§ Your instructions
Retype exactly the lines below, starting with the line that contains "Pig Shares 1" and ending with the last line; leave out any pictures.

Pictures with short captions
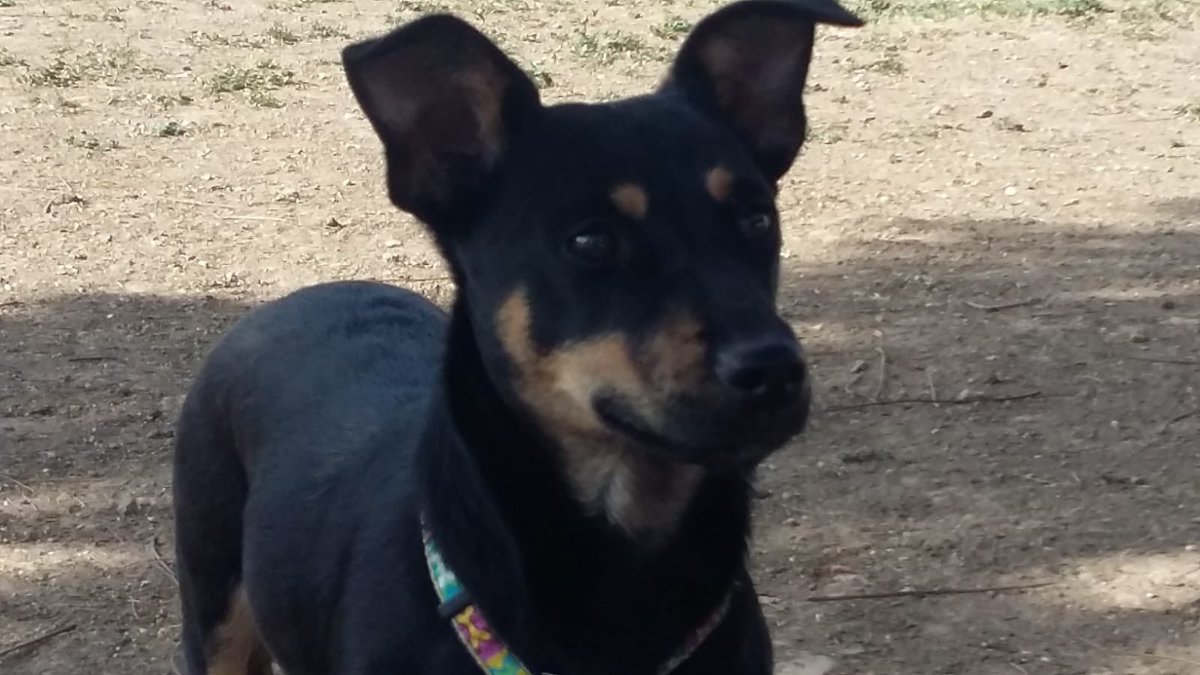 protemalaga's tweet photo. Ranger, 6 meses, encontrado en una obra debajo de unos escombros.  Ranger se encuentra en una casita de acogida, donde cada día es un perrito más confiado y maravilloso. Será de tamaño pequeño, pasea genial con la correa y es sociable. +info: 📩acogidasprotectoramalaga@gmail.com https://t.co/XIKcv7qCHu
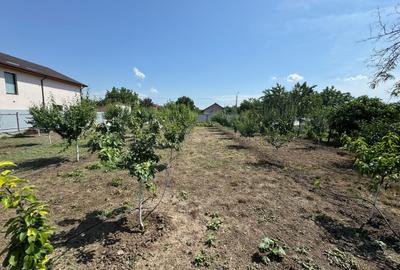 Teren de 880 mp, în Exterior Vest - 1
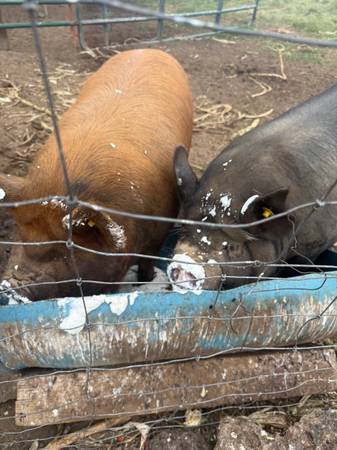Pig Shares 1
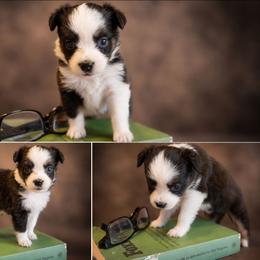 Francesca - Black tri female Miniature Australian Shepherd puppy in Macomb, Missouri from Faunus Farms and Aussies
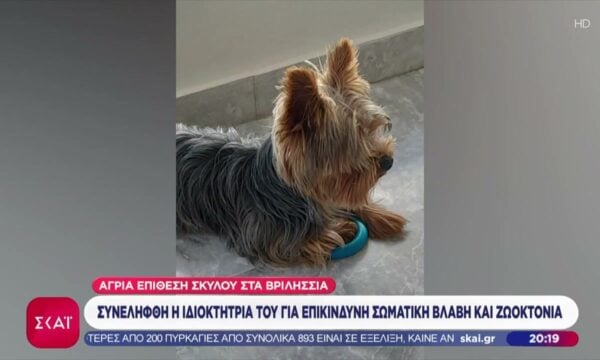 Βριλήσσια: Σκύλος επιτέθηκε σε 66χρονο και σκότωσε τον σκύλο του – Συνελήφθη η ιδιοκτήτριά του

§ Answer below
Pig Shares 1
 Francesca - Black tri female Miniature Australian Shepherd puppy in Macomb, Missouri from Faunus Farms and Aussies
 Βριλήσσια: Σκύλος επιτέθηκε σε 66χρονο και σκότωσε τον σκύλο του – Συνελήφθη η ιδιοκτήτριά του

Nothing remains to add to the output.